There is no data yet tracking these relationships, but most seem to be between left-leaning German women and highly educated Syrian men, like Audersch and Skaf. There are more Syrian males to go around: The vast majority of refugees who entered Germany last year were young males, according to a report from Germany’s Federal Service for Migration and Refugees.
But male refugees face significant barriers in reaching German women. Not only is language a blockade—most refugees don’t speak English, and hardly any speak German—but so are cultural stereotypes. After foreigners were blamed for a spate of sexual assaults in Cologne, many German women I spoke to told me they have put their guards up against male refugees.
Research shows that other recent migrant groups to Germany have increasingly formed mixed couples. The first-generation migrants—predominantly Turks, Italians, and other southern Europeans who came as guest workers post-World War II—married ethnic Germans at low rates, Migration Policy Institute’s Olga Niemeyer noted in an article in 2009, which used information from Germany’s microcensus. Their children, however, were far more likely to intermarry.
The increase happened predominantly with males: While 17.2 percent of first-generation immigrant males in Germany married an ethnic German, the rate increased to 29.6 percent for second-generation immigrant males, according to the census. More educated immigrants were also more likely to intermarry, according to Niemeyer.
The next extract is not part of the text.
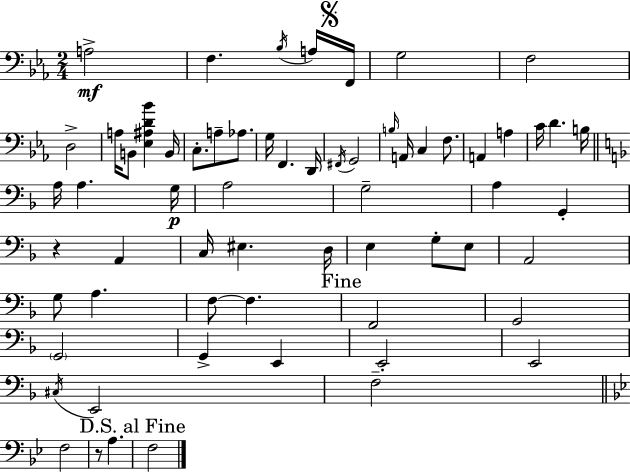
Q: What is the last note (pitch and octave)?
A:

As for the current wave of Syrians, more than one-fourth of Syrian refugees have arrived with university degrees. These highly educated refugees may be more likely to marry Germans, but most Syrian men will likely struggle to find a partner in Germany, due to language barriers, cultural prejudices against them, and the lack of Syrian women here.
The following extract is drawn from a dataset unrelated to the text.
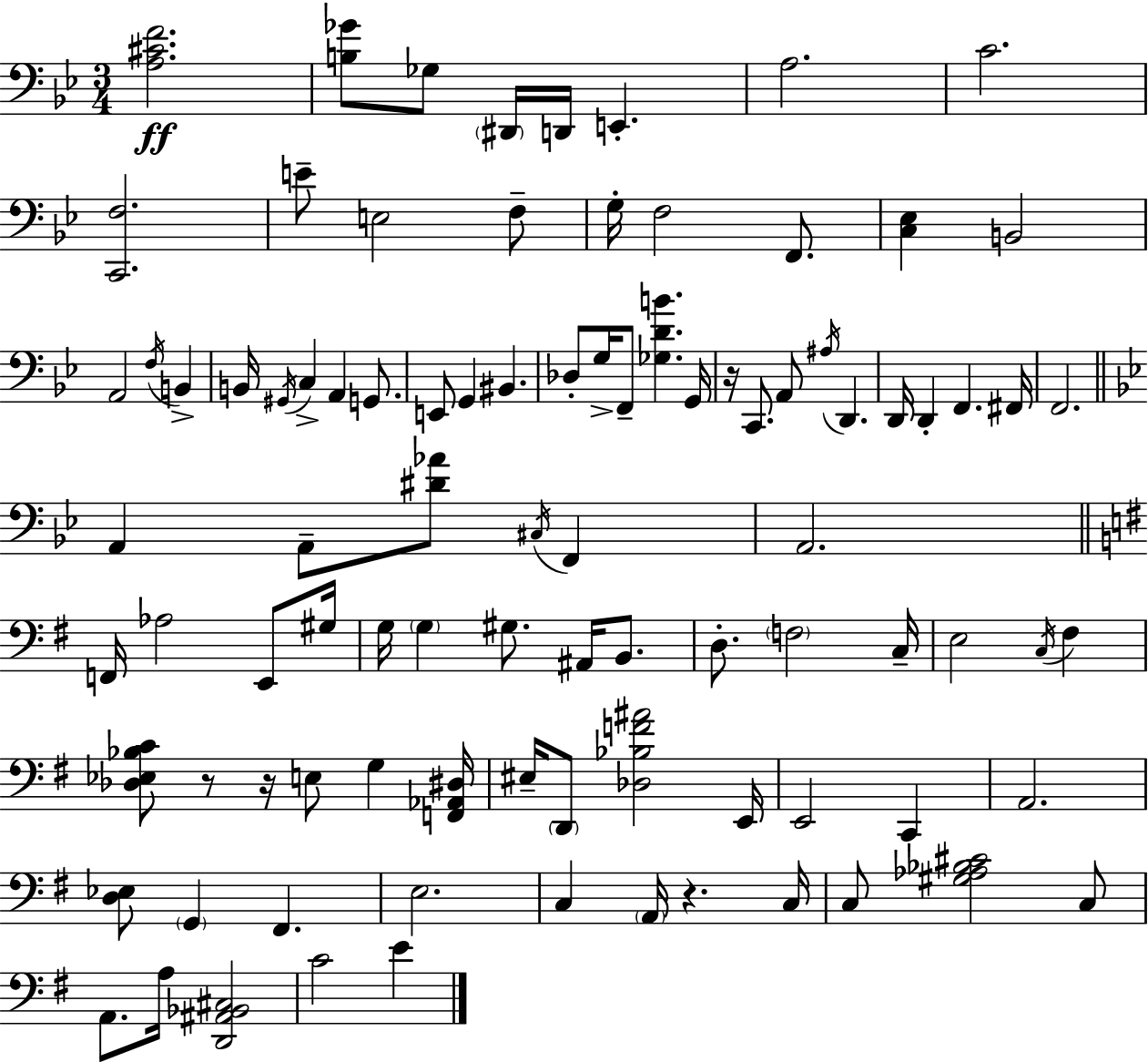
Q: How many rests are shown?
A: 4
Education helped bridge the gap between Skaf and Audersch: Both were fluent in English, and Skaf started the federal government’s free German classes for refugees soon after arriving in the country.
Skaf has thrived here, starting a Balkan beat band and collaborating with new musicians. When I visited the couple, Skaf played his guitar, belting out Arabic lyrics with a Syrian girl as Germans accompanied them with a clarinet, drums, and xylophone.
He told me he feels welcome in this city, even though it’s in the heart of Germany’s most right-wing region. Just last December, he witnessed anti-immigrant hysteria in a neo-Nazi march, but found it was out-rivaled by thousands of counter-protesters.
Still, he hesitates to call this place—or any place—his home. “What does home mean?” he asked me. “Is it where you’re born, where your freedom is, where your safety is?”
In the dimly lit cocoon of Valentina’s bedroom, as he and Audersch held their baby cheek-to-cheek, home seemed right there.